Source material

○ ○ ○

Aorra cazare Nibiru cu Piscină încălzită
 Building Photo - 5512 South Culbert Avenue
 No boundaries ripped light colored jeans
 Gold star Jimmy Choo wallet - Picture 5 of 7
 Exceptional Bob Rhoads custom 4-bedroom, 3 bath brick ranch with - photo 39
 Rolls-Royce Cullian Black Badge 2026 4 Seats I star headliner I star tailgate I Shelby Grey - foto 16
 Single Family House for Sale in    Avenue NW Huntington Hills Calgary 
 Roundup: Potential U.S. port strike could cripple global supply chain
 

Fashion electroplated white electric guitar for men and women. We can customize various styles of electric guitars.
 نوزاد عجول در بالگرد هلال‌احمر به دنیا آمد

○ ○ ○

Where a line in the listing above holds the string "star", include it in your count, and answer with the number alone.

Result of this exercise
2